América Invertida, Joaquín Torres García, 1943
A white outline of an inverted map on Latin America on a black background. The southern tip is on the top and equator, marked and with the initials JTG 43 signed under, is on the bottom. A line towards the top marks the coordinates of Uruguay, García’s home. On the top left is a drawing of the sun and a sailboat, and on the top right is the moon, stars, and a fish in water, drawn in the artists’s style of “Constructive Universalism,” in his interpretation of art from pre-contact Americas. This piece is also famously described as “nuestro norte es el sur,” or our north is the south, with the cardinal direction S marked at the top of the sketch.
A Special Issue on Disability and Crip Theory in the Global South/Third World in Disability Studies Quarterly (DSQ)
Calls to decolonize disability studies have abounded since the early 2010s. Yet, in scholarly publications and academic programs oriented toward disability studies, and in institutions where disability studies is taught and researched, scholarship on and from the geographical peripheries of the field frequently remains at the margins, as a single article in a special issue, a chapter in a book, or an “additional” reading on a syllabus. As scholars from and of the Global South, through this special issue, we (the editors) hope to bring these developments into productive conversations that re-orient the place of the peripheral within the discipline.
To bridge this gap between disability studies work “here” and “there,” we propose this special issue in the field’s flagship North American journal comprised entirely of work in/with/about the Global South. We call for critical theoretical, historical, literary, sociological, and political engagements with alternate corporealities, solidarities, and dis/identifications in and of these geographies. Put simply, we aim to develop a special issue that makes “peripheral crip critique” impossible to footnote and ignore.
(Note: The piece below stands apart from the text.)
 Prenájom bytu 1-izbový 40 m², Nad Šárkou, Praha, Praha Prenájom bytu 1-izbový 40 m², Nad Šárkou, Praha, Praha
At a time of immense political, material, and epistemological violence in this complex geography, we seek, with this special issue, to remind disability studies of the complexities of the “rest’s” interactions with the West and to think about whose stories and theories, in number and in knowledge, will shape or foreclose crip futures to come.
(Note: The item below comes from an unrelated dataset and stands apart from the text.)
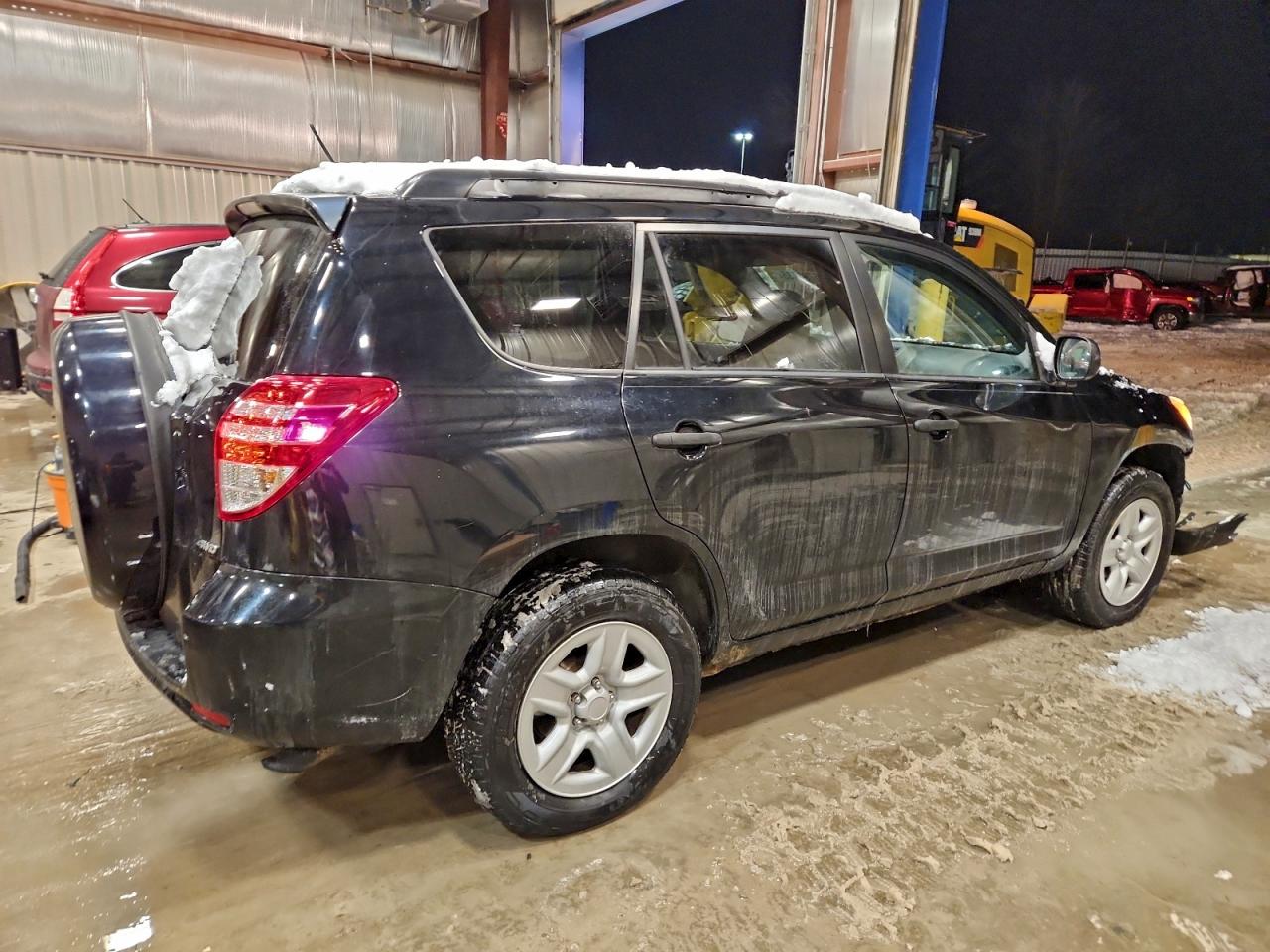2010 TOYOTA RAV4 photo 3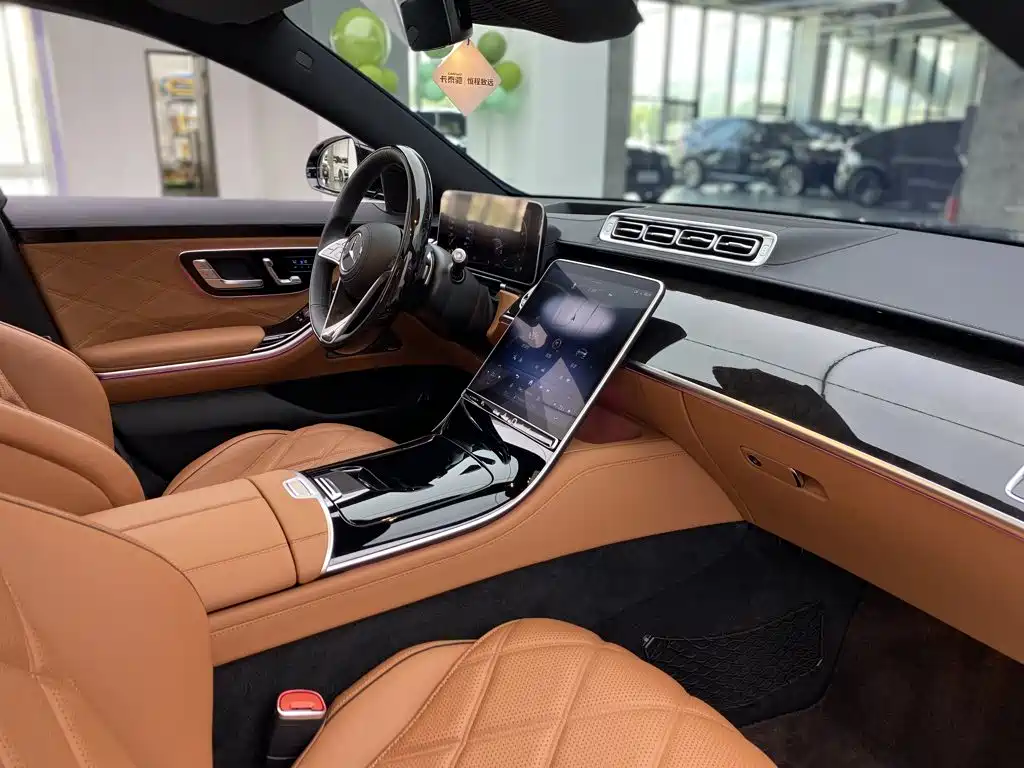 Mercedes-Benz S-Class — миниатюра 19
We are particularly excited about critical annotated bibliographies of alternative disability studies canons; syllabi for global/regional disability studies; co-written or conversational pieces, especially if transnational or intraregional; letters (of love or complaint) to the field or to scholars; original short stories or fables; political pieces like manifestos, pamphlets, or zines; organizing guides; or responses or reviews of existing canonical texts in Euro- and American-centric disability studies.